INPUT FOR THIS TASK START
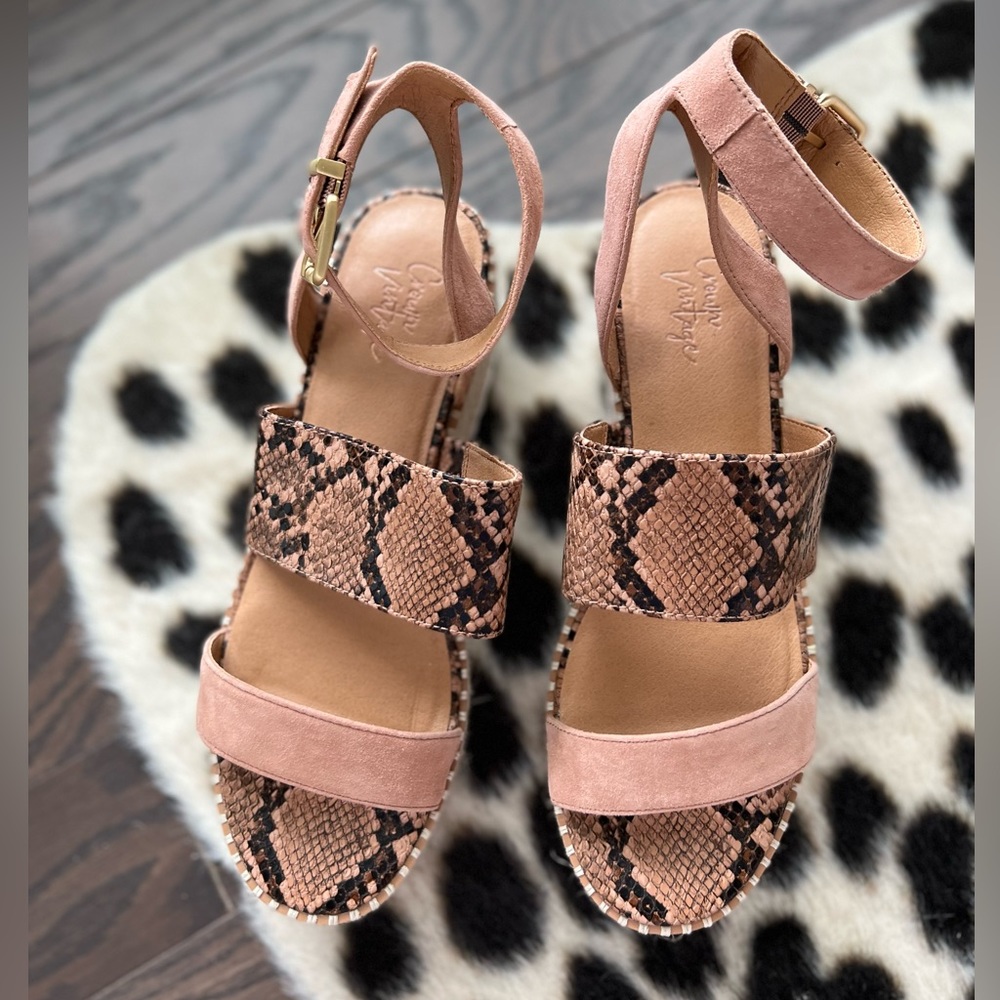 Blush and snake crown vintage espadrilles size 8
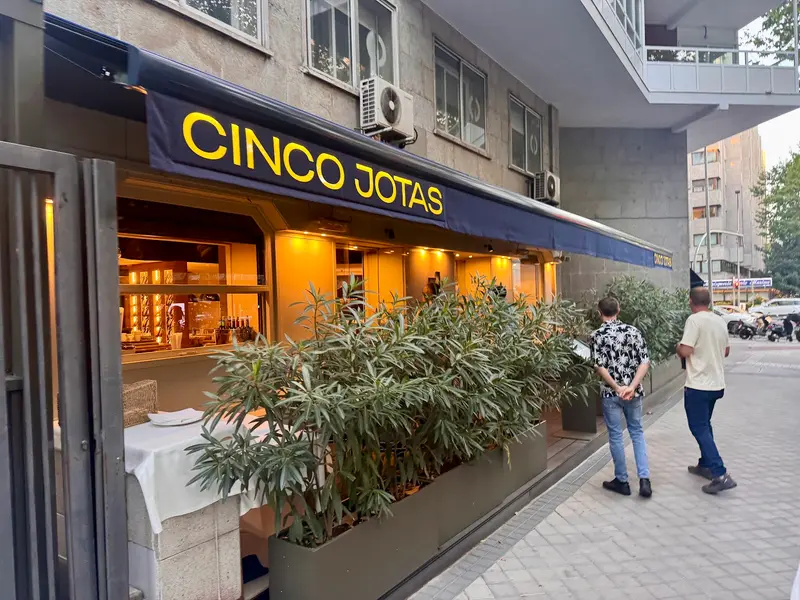 Mesón Cinco Jotas (Padre Damián) — foto 2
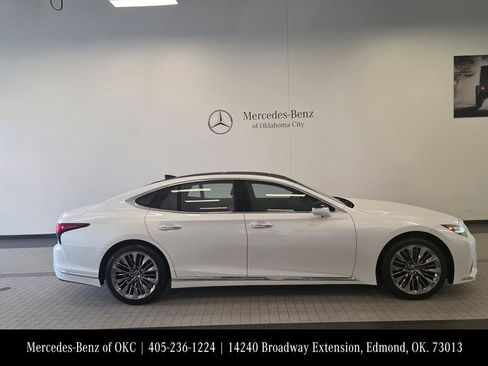 Used 2022 Lexus LS 500 w/ Interior Upgrade Package RWD image 5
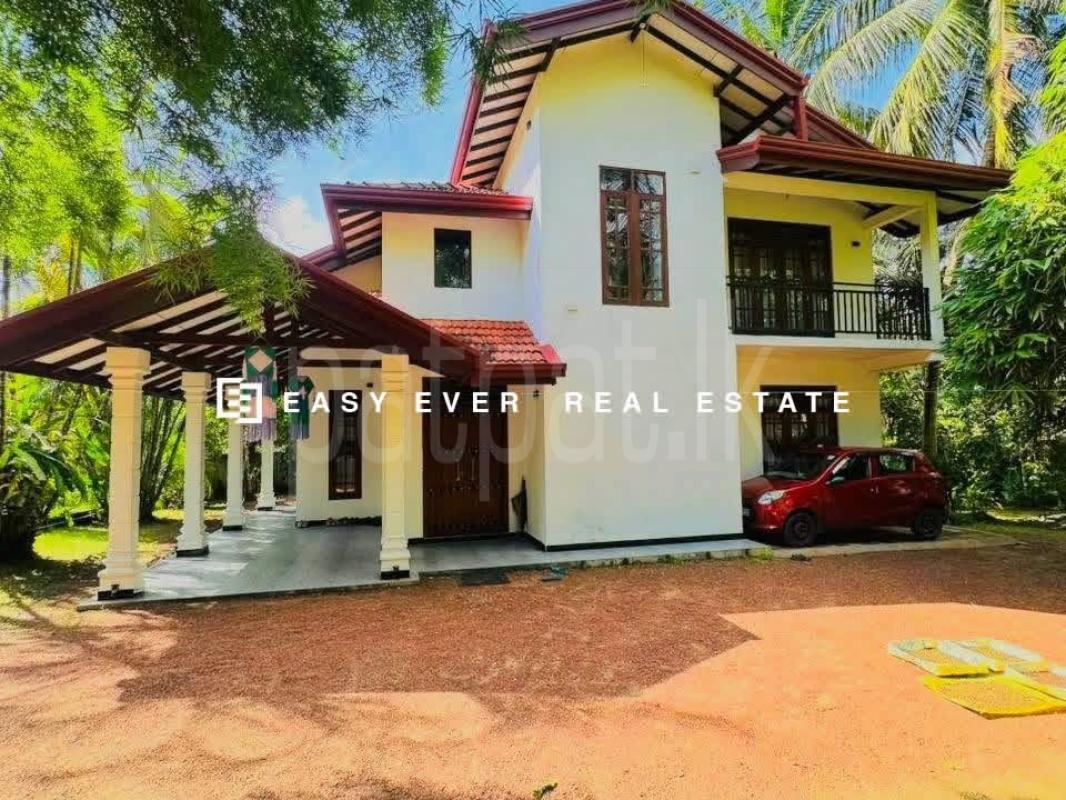 House for Sale in Nittambuwa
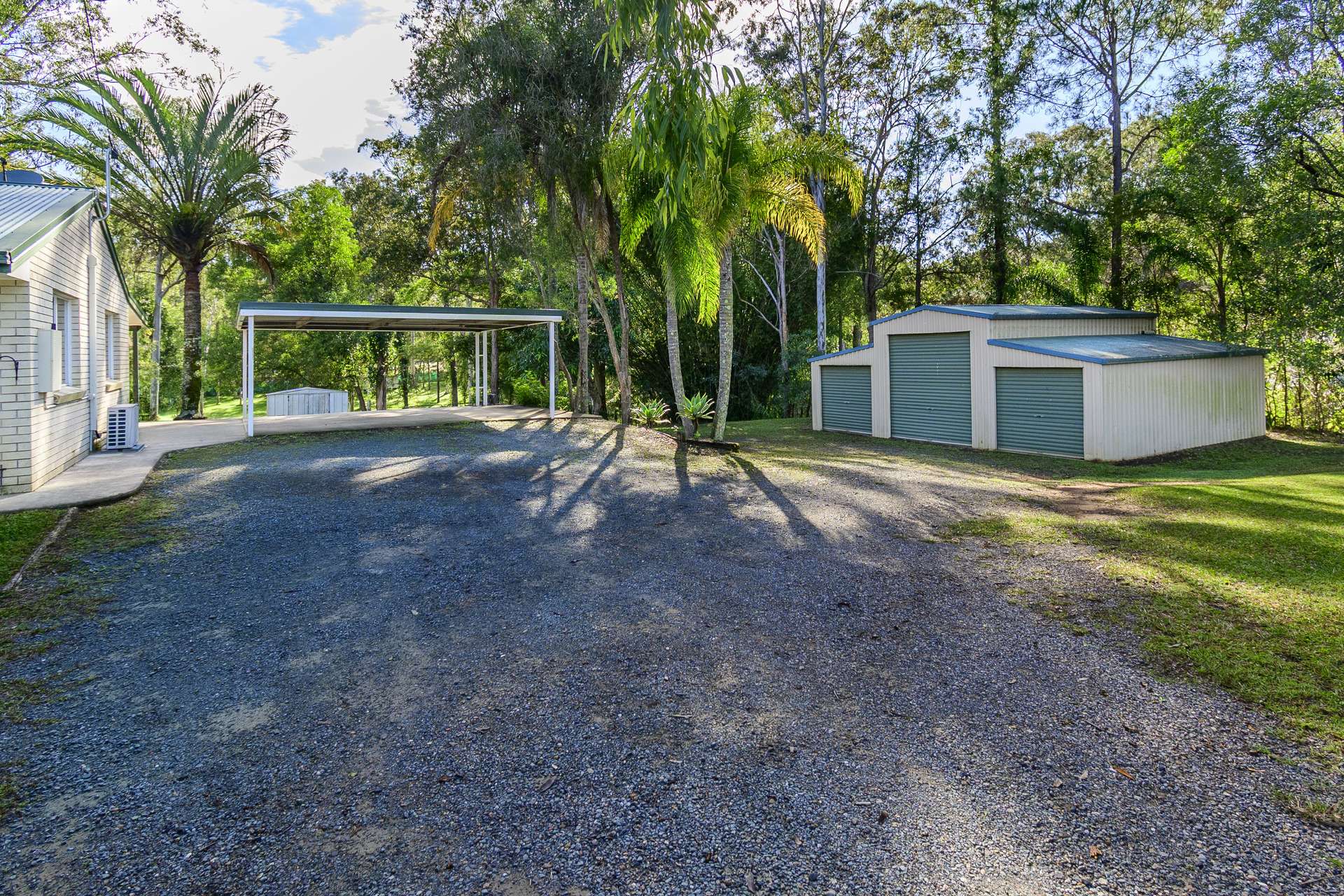 10 Harper Road, Bellmere For Sale by Farmbuy.com - image 2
INPUT FOR THIS TASK END
__WORK INSTRUCTION__. Return all the lines above exactly; none of the pictures should appear.

__RESULT OF THIS EXERCISE__.
 Blush and snake crown vintage espadrilles size 8
 Mesón Cinco Jotas (Padre Damián) — foto 2
 Used 2022 Lexus LS 500 w/ Interior Upgrade Package RWD image 5
 House for Sale in Nittambuwa
 10 Harper Road, Bellmere For Sale by Farmbuy.com - image 2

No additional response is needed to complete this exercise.